Kristen Drapesa, 2011 BFA Fashion Merchandising Alumna; Photo courtesy of AM Media Group

Alumni Update: Kristen Drapesa

Photo courtesy of Kristen Drapesa
Photo courtesy of Kristen Drapesa

2011 BFA Fashion Merchandising alumna Kristen Drapesa never could’ve imagined that, five years after graduating from Academy of Art University, she’d be the founder and CEO of the eco-friendly shopping platform EcoHabitude. The idea came to her while she was working in New York City and discovered a substantial void of quality, ethical brands in the market. Since that pivotal moment, Drapesa has worked tirelessly to create EcoHabitude, a peer-to-peer marketplace that focuses on ethical brands, product transparency, and conscious consumption. Though the platform was only launched in January 2015 and is still in its early stages, it’s inevitably reshaping the way consumers shop.

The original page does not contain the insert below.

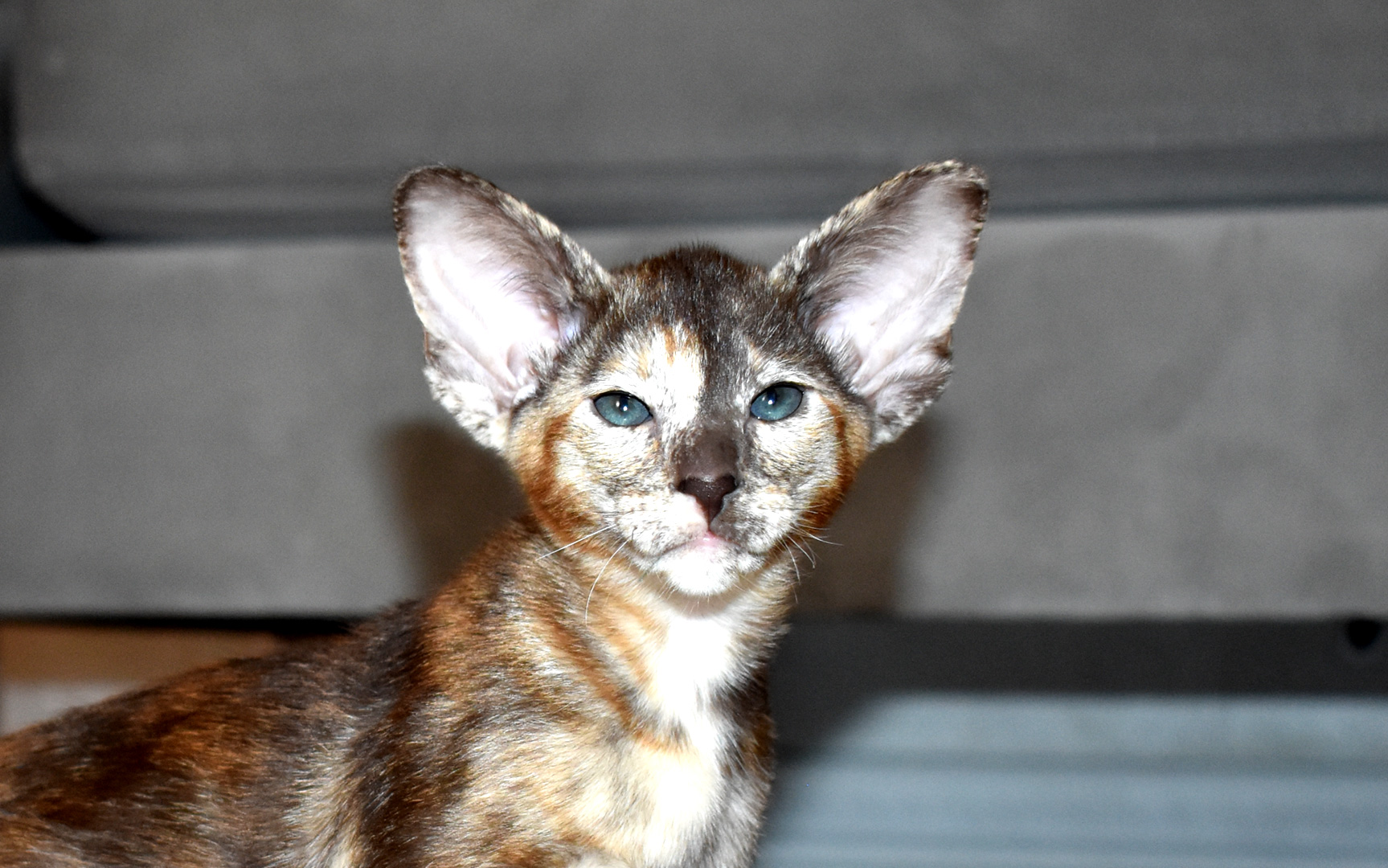 Chocolate Torie Oriental Shorthair kitten for sale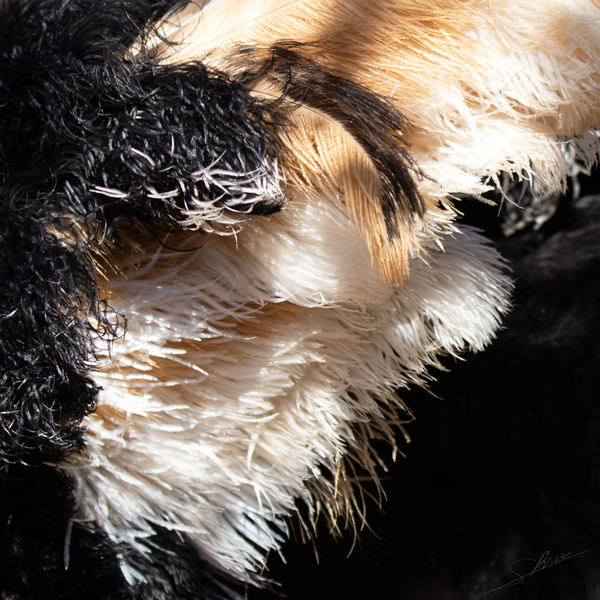 1141 - Ostrich feather by Claude Riou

The environmentally and socially conscious entrepreneur took a little time out of her busy schedule to open up about her time at Academy of Art University, the obstacles of launching a start-up, and her favorite ethical brands.


Angela Han: Why did you decide to study at Academy of Art University?

Kristen Drapesa: I wanted to stay on the West Coast and go to a fashion school that was still relatively close to Hawaii, where I am from. San Francisco was appealing to me for its diverse cultural vibe and similarities to New York.

AH: How has your Fashion Merchandising background helped you with your career experiences?

KD: It has helped me tremendously. In fact, if it weren’t for me coming to New York to work as a buyer for another company, I would have never come up with the idea for my company EcoHabitude. It has also helped me understand the inner workings of how a business operates, so that we can better serve our brands on the site.

AH: What is your most memorable moment at Academy of Art University?

KD: I shared a dorm on Bluxome St. in my first year at Academy of Art University and I lucked out and got some really great roommates. One week during finals when everyone was completely stressed out, one of my roommates randomly got up from her desk and we started a dance party train around the loft—just the four of us—to some epic Earth, Wind & Fire tunes on YouTube. By the end, we were all in sidesplitting laughter and it really lightened our moods. That was my first experience living in a dorm with roommates. I always look back at that and smile when I think about that evening.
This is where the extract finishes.